With destructive testing, an interaction effect like this might occur due to differences in the samples tested by each technician. If we had simply assigned samples to technicians in a haphazard manner we would not know if the interaction effect was due to inconsistencies in the measurement process or differences in the samples tested. This is why we were careful to make sure that each subgroup contained samples from each zone of a bale. By working to assure that each technician tested samples that covered the whole spectrum of within-bale variation we minimize the opportunity for spurious interaction effects. Since in this case the range chart shows no evidence of inconsistency within the subgroups, it is unlikely that the interaction effect comes from differences in the samples tested. Therefore we interpret this interaction as a real effect indicating an inconsistency in the measurement process.

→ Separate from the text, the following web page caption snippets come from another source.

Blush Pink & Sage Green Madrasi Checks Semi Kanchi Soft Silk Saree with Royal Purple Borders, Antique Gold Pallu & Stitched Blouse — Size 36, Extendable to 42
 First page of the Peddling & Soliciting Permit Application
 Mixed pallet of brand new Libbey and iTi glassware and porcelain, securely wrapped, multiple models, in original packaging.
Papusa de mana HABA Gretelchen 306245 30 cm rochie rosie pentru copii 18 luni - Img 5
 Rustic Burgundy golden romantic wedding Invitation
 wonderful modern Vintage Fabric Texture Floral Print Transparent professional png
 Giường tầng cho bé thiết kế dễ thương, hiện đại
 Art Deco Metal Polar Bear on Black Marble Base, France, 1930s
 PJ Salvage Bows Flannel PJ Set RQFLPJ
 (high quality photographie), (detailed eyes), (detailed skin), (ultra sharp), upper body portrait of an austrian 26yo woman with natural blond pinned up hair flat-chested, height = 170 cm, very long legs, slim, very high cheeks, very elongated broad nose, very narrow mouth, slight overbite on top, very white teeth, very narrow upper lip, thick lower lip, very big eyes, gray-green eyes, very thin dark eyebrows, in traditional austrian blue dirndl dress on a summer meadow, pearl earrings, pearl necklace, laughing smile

Thus, it appears that this measurement process contains biases and inconsistencies. What do these biases and inconsistencies do to the precision of the measurements? To answer this question we reanalyze these data by rearranging them into three subgroups of size 30 according to the bale sampled.
The average and standard deviation chart for these three subgroups of size 30 is shown in figure 7. There we see that the measurement system that currently exists can detect the variation in the product stream for product 1109. However, if these three bales represent the full range of variation in the product stream, then the width of these limits suggests that this measurement system is likely to be no more than a third-class monitor.
The average standard deviation statistic of 0.2885 in figure 7 is an estimate of the standard deviation of the test method that includes the effects of the technician biases and the inconsistency represented by the interaction effect. Multiplying by 0.675 results in a estimated probable error of 0.195 percent.
When compared with the inherent probable error of 0.153 percent found earlier, we see that the biases and inconsistencies found here do not greatly degrade these measurements. The values are recorded to the nearest 0.1 percent, and they are good to within 0.2 percent at least half the time. Thus, when using this test, the values obtained should not be interpreted more precisely than ± 0.2 percent.
(While all of these examples are real, in the last example the data were transformed for confidentiality. So while the results shown are illustrative, they are not actually indicative of the actual precision of the test method discussed.)
When the test method is destructive it becomes more difficult to characterize measurement error. Two approaches have been illustrated that allow you to place an upper bound on the size of measurement error. Having such an upper bound will let you do business with some assurance about the quality of the measurements being used.